╭─ Material for this exercise

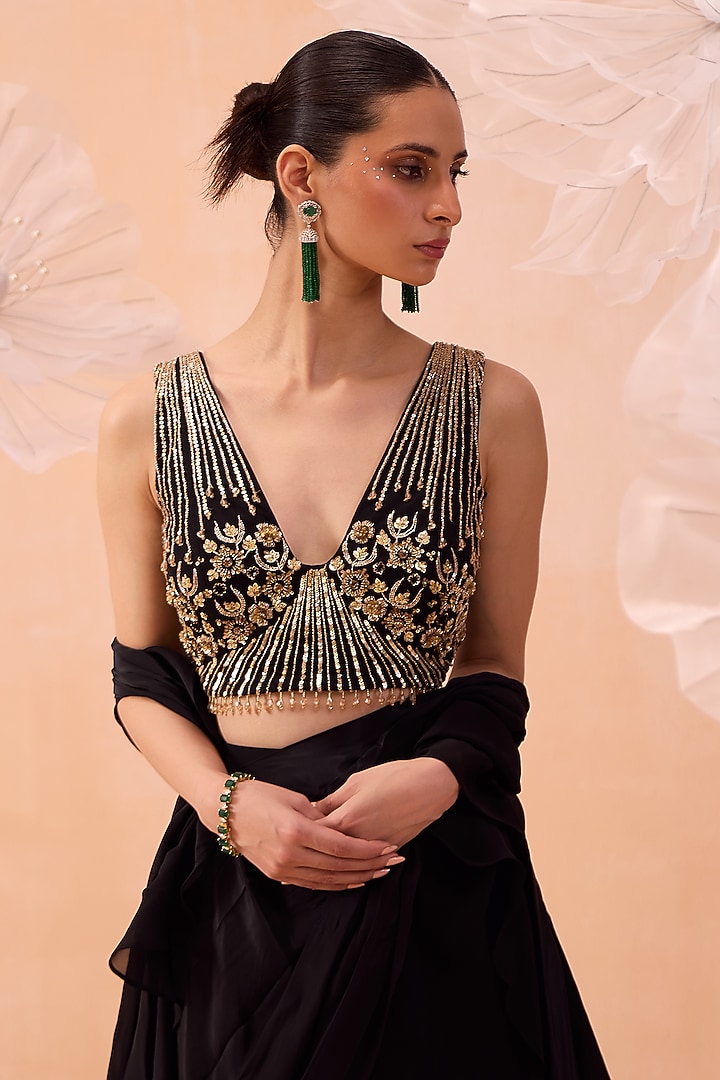 Black Satin Crepe Floral & Tonal Hand Embroidered Ruffled Wedding Saree Set by PARUL GANDHI at Pernia's Pop Up Shop
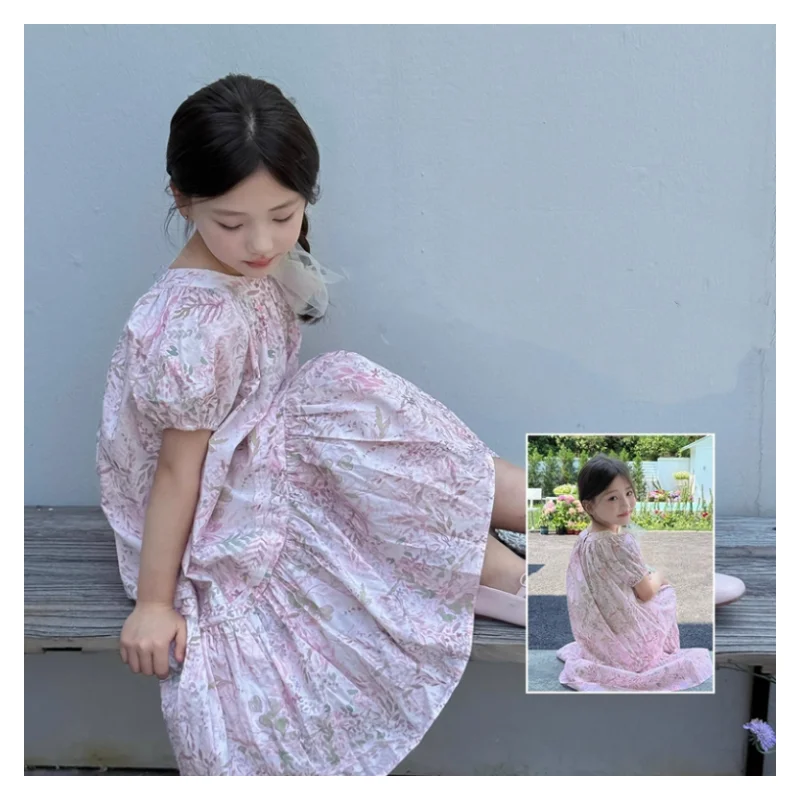 

Baby Girls Dress Kids Cotton Dresses Princess Puff Sleeves Dress Girls Puff Sleeve Dress Toddler Summer Floral Dress Size 4-14Y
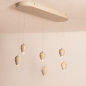 Foto 75587-4: Beige hanglamp, voorzien van zes lichtpunten in een unieke vormgeving, voorzien van een easy lift systeem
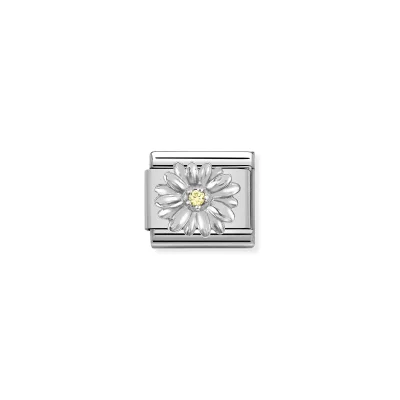 Nomination Composable Classic Länk, Silver Daisy, Yellow CZ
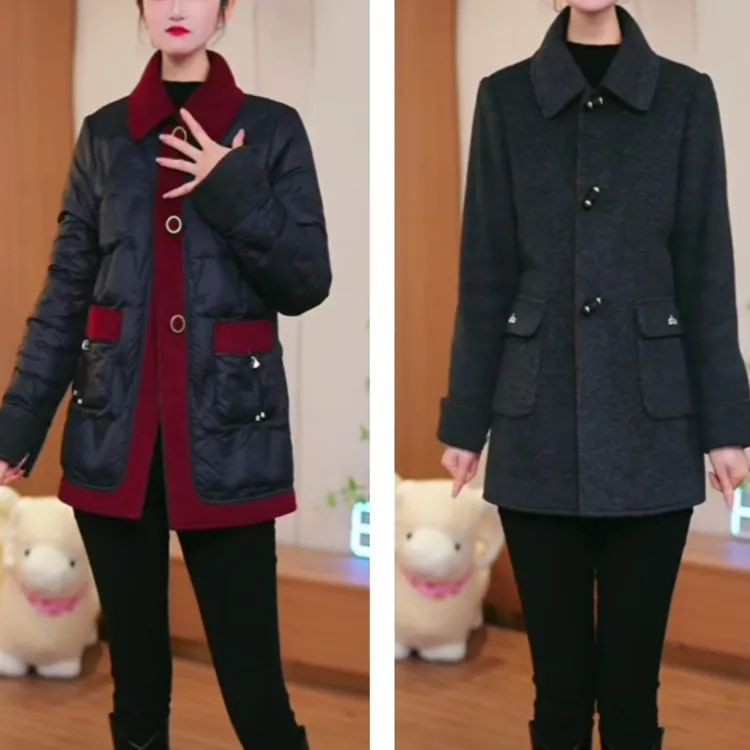 GC直播专享25年秋冬白鸭绒羊毛羽绒服大衣外套双面双穿加厚女装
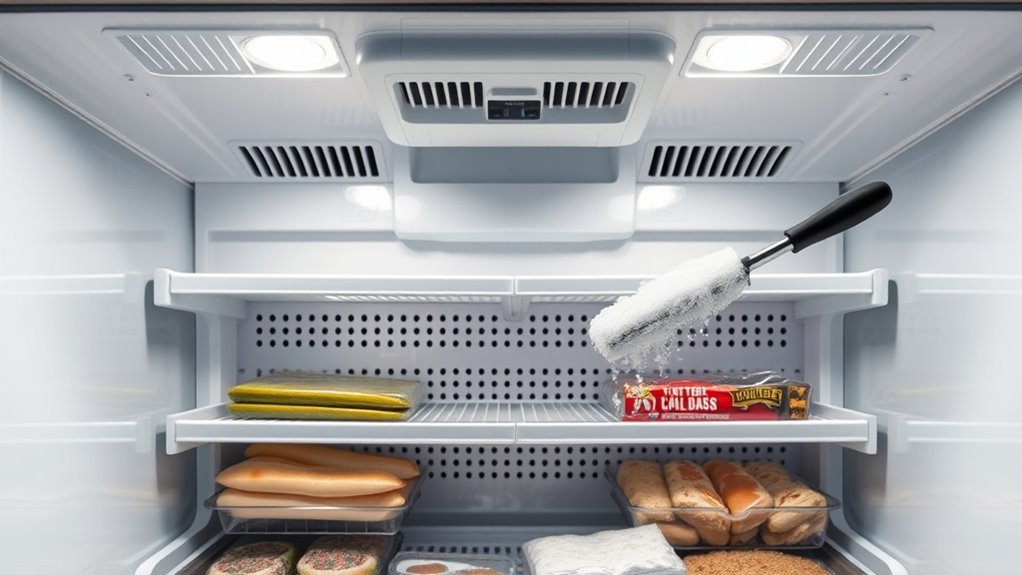 regular defrosting prevents ice buildup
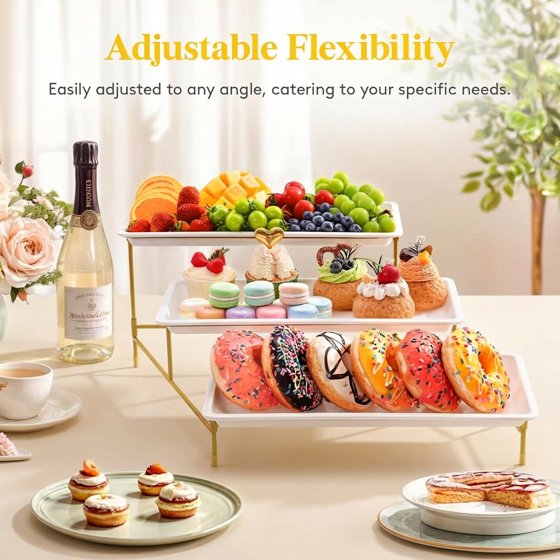 Norcho 3 Tier Serving Tray, White Plastic Tiered Food Serving Platters with Collapsible Gold Metal Stand, 14" x 6.5"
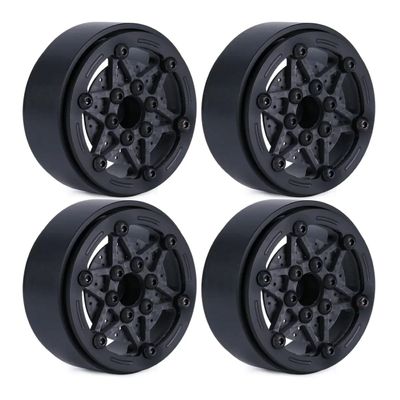 4pcs 1.9Inch Carbon Fibre Wheel Rim with Brake Rotors for 1/10 RC Car Wraith SCX10 TRX4 Capra VS4-10 RC4WD KM2 LCG (A-Black)
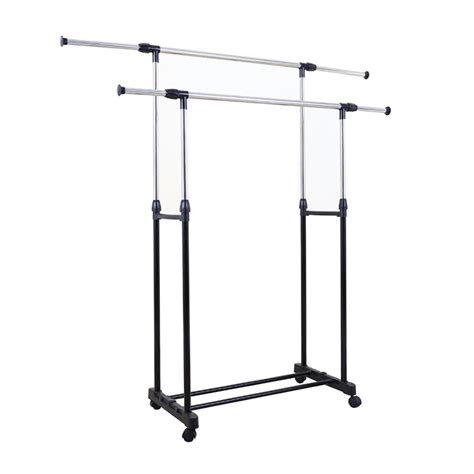 Adjustable Extendable Double Rail Garment Rack With Wheelsgarment Racks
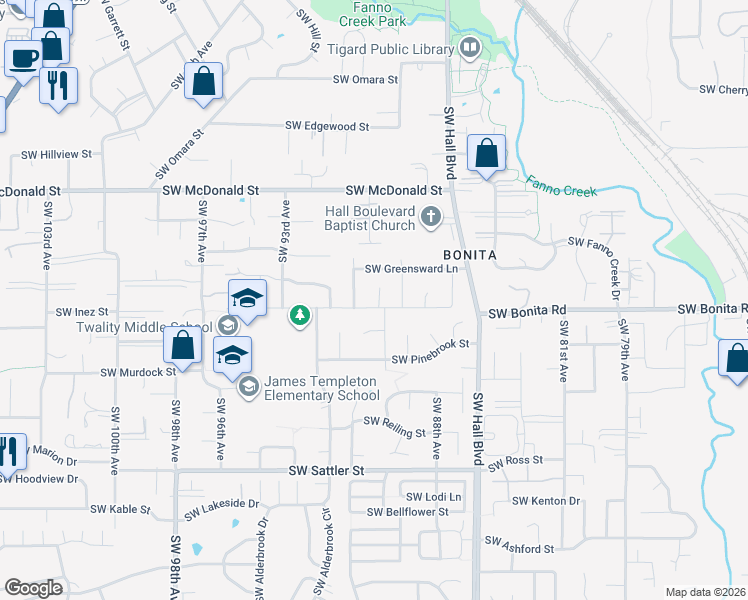 map of restaurants, bars, coffee shops, grocery stores, and more near 8933 Southwest Inez Street in Tigard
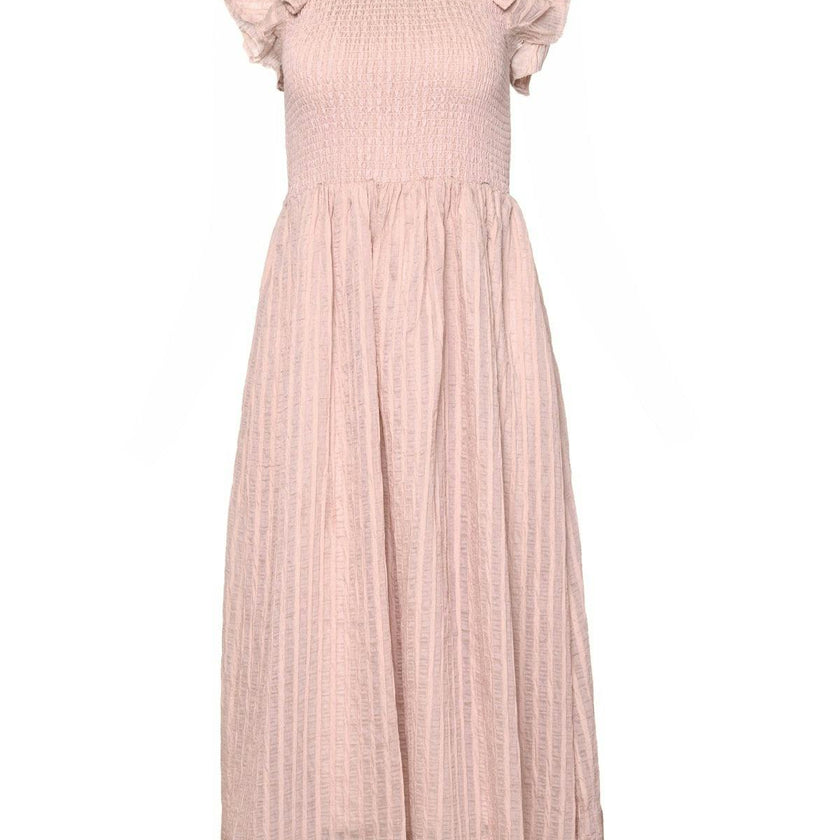 Hattie Dress in Pink Stripes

╰─

Starting at the line that contains "map of restaurants, bars, coffee", write out every line through the final line of the entries, word for word; skip any pictures.

Response below.
 map of restaurants, bars, coffee shops, grocery stores, and more near 8933 Southwest Inez Street in Tigard
 Hattie Dress in Pink Stripes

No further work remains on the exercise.